= Beginning of Section =

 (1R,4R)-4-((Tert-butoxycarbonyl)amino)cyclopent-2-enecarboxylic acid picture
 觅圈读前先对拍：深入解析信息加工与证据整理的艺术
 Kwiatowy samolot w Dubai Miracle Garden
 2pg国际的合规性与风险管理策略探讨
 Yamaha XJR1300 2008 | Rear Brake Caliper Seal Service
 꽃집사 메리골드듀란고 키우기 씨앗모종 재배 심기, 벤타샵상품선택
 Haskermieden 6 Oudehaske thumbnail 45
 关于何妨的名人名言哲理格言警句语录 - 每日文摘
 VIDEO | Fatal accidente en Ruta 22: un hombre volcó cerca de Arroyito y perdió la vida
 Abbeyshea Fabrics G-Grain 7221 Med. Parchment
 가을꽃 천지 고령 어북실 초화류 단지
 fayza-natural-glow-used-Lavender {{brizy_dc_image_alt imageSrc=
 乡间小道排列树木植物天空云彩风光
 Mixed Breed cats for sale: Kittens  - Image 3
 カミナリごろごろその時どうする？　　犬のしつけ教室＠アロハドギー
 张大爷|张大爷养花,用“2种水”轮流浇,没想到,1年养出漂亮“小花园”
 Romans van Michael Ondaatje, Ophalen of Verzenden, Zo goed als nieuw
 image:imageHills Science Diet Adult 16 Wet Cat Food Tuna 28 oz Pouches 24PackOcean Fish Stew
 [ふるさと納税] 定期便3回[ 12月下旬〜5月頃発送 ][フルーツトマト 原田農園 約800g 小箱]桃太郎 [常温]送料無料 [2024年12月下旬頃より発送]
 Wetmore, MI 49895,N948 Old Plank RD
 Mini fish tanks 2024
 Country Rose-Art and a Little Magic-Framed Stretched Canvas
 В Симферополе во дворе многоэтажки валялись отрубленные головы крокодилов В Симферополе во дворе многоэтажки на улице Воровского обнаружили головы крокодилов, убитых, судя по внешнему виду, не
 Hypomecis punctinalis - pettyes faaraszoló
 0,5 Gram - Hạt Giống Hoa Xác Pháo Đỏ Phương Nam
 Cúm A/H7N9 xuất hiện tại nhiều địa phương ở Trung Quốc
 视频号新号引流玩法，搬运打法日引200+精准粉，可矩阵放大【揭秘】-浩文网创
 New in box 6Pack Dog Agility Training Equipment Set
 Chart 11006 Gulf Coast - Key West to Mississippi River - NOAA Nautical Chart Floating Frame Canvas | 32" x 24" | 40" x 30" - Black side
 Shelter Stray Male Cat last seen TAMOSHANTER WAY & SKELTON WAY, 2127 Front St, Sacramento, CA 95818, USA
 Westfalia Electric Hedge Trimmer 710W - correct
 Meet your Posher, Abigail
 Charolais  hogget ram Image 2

= End of Section =

What to do
An exact transcription of the data above is required.

Answer to the problem
 (1R,4R)-4-((Tert-butoxycarbonyl)amino)cyclopent-2-enecarboxylic acid picture
 觅圈读前先对拍：深入解析信息加工与证据整理的艺术
 Kwiatowy samolot w Dubai Miracle Garden
 2pg国际的合规性与风险管理策略探讨
 Yamaha XJR1300 2008 | Rear Brake Caliper Seal Service
 꽃집사 메리골드듀란고 키우기 씨앗모종 재배 심기, 벤타샵상품선택
 Haskermieden 6 Oudehaske thumbnail 45
 关于何妨的名人名言哲理格言警句语录 - 每日文摘
 VIDEO | Fatal accidente en Ruta 22: un hombre volcó cerca de Arroyito y perdió la vida
 Abbeyshea Fabrics G-Grain 7221 Med. Parchment
 가을꽃 천지 고령 어북실 초화류 단지
 fayza-natural-glow-used-Lavender {{brizy_dc_image_alt imageSrc=
 乡间小道排列树木植物天空云彩风光
 Mixed Breed cats for sale: Kittens  - Image 3
 カミナリごろごろその時どうする？　　犬のしつけ教室＠アロハドギー
 张大爷|张大爷养花,用“2种水”轮流浇,没想到,1年养出漂亮“小花园”
 Romans van Michael Ondaatje, Ophalen of Verzenden, Zo goed als nieuw
 image:imageHills Science Diet Adult 16 Wet Cat Food Tuna 28 oz Pouches 24PackOcean Fish Stew
 [ふるさと納税] 定期便3回[ 12月下旬〜5月頃発送 ][フルーツトマト 原田農園 約800g 小箱]桃太郎 [常温]送料無料 [2024年12月下旬頃より発送]
 Wetmore, MI 49895,N948 Old Plank RD
 Mini fish tanks 2024
 Country Rose-Art and a Little Magic-Framed Stretched Canvas
 В Симферополе во дворе многоэтажки валялись отрубленные головы крокодилов В Симферополе во дворе многоэтажки на улице Воровского обнаружили головы крокодилов, убитых, судя по внешнему виду, не
 Hypomecis punctinalis - pettyes faaraszoló
 0,5 Gram - Hạt Giống Hoa Xác Pháo Đỏ Phương Nam
 Cúm A/H7N9 xuất hiện tại nhiều địa phương ở Trung Quốc
 视频号新号引流玩法，搬运打法日引200+精准粉，可矩阵放大【揭秘】-浩文网创
 New in box 6Pack Dog Agility Training Equipment Set
 Chart 11006 Gulf Coast - Key West to Mississippi River - NOAA Nautical Chart Floating Frame Canvas | 32" x 24" | 40" x 30" - Black side
 Shelter Stray Male Cat last seen TAMOSHANTER WAY & SKELTON WAY, 2127 Front St, Sacramento, CA 95818, USA
 Westfalia Electric Hedge Trimmer 710W - correct
 Meet your Posher, Abigail
 Charolais  hogget ram Image 2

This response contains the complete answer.